Transcribe every entry that follows, word for word, and omit the images.
[RECORD EXCERPTS — start]
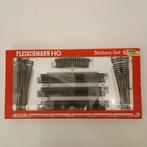 Fleischmann H0 - Set 6090 - Treinset (17), Hobby en Vrije tijd, Nieuw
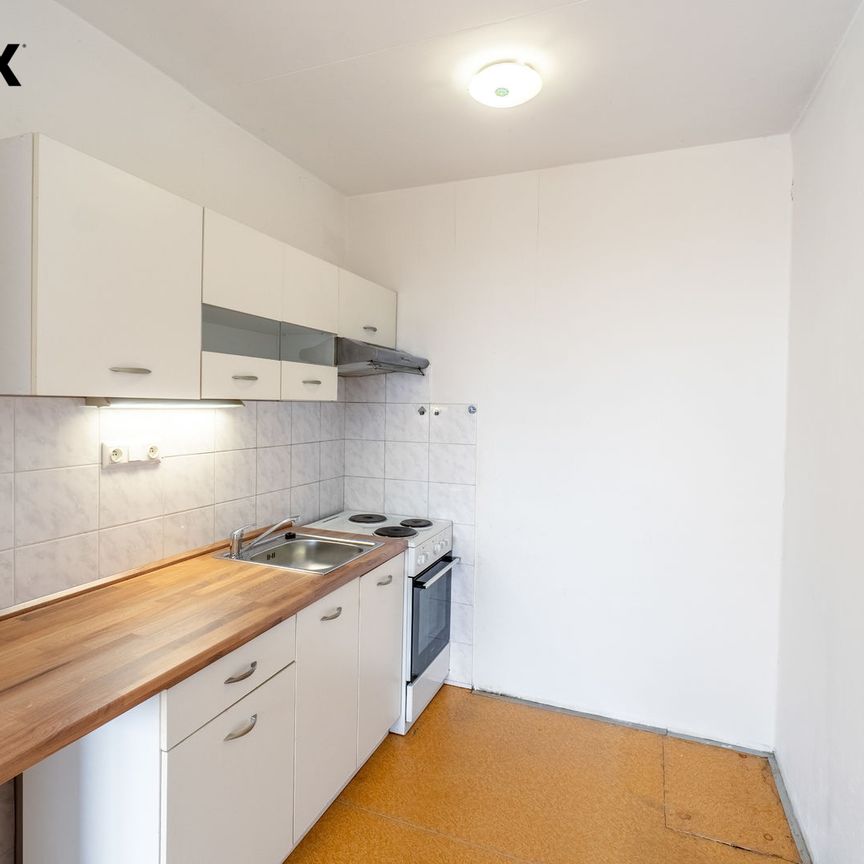 Pronájem bytu 2+kk 43 m² - Photo 1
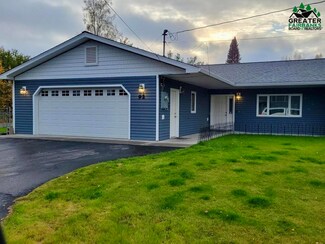 92 C St, Fairbanks, AK 99701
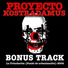 Proyecto Kostradamus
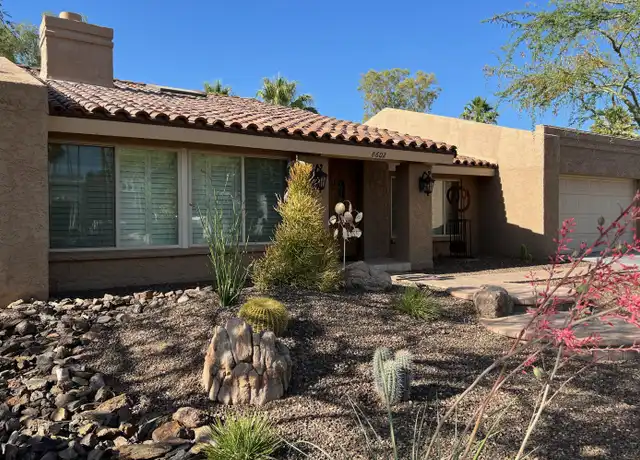 Property at 8602 E Irish Hunter Trl, Scottsdale, AZ, 85258, 3 beds, 2 baths, [object Object]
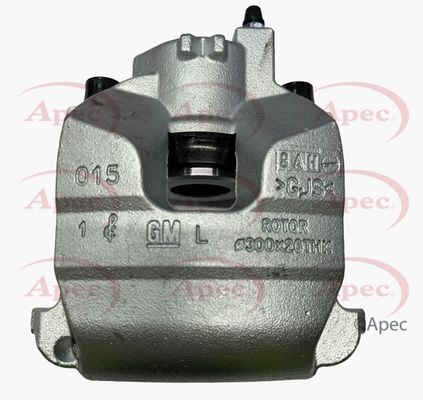 Apec LCA1031 Brake Caliper - 1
[RECORD EXCERPTS — finish]
RESULT OF THIS EXERCISE –
 Fleischmann H0 - Set 6090 - Treinset (17), Hobby en Vrije tijd, Nieuw
 Pronájem bytu 2+kk 43 m² - Photo 1
 92 C St, Fairbanks, AK 99701
 Proyecto Kostradamus
 Property at 8602 E Irish Hunter Trl, Scottsdale, AZ, 85258, 3 beds, 2 baths, [object Object]
 Apec LCA1031 Brake Caliper - 1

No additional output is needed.